Understanding Settlement Agreements – What every employee needs to know

As the financial year draws to a close, many employers will be finalising their next annual budget.  If staffing cuts are needed, the affected employees will generally be offered a Settlement Agreement making this a busy time of year for our employment team.

In this article we explain what a Settlement Agreement is and what you need to know if your employer asks you to sign one.

What is a Settlement Agreement?

A Settlement Agreement is a binding contract which sets out the terms of settlement reached between you and your employer at the termination of your employment.  It is a useful tool for both parties as you know exactly where you stand financially and legally.  It can be used whether the termination of employment is amicable (for example voluntary redundancy) or not (for example a dismissal) as long as both parties agree to the terms.
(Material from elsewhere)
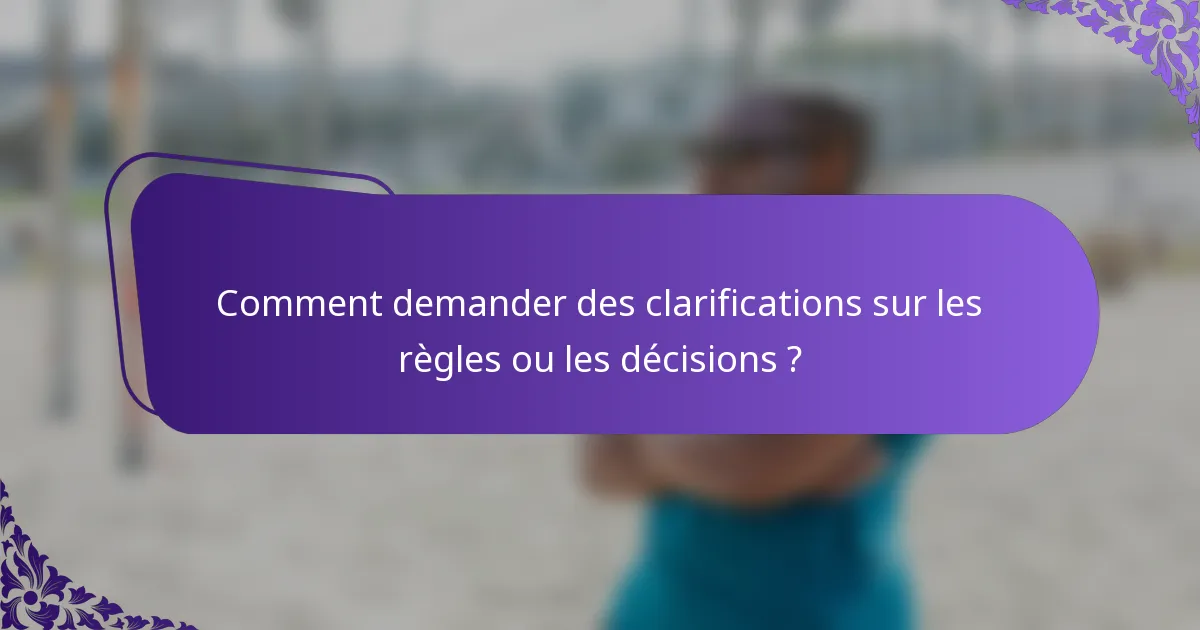 Comment demander des clarifications sur les règles ou les décisions ?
A Settlement Agreement will record all of the payments that your employer will pay you, including final salary payments, holiday pay, notice pay and any compensation for loss of employment such as redundancy pay and ex-gratia payments.  It will also say when they are to be paid and in many cases will include an agreed wording for future job references.  In return, you waive your right to bring legal claims against your employer, such as claims for unfair dismissal.
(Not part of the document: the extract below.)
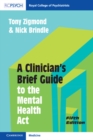 Image for A Clinician&#39;s Brief Guide to the Mental Health Act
Taking Legal Advice on a Settlement Agreement

If you have been presented with a Settlement Agreement by your employer, we understand this can be stressful and often completely unexpected.  You will need to decide in a relatively short time whether you should accept what has been offered or not.

Fortunately, Settlement Agreements are not legally binding unless you have taken independent legal advice from a solicitor or an appropriately qualified person.  The job of the solicitor is to explain the agreement in full, so you know what rights you are signing away in return for the financial payments.  The solicitor also has to sign the agreement to say that they have given you this advice.

What Compensation Payments are you entitled to?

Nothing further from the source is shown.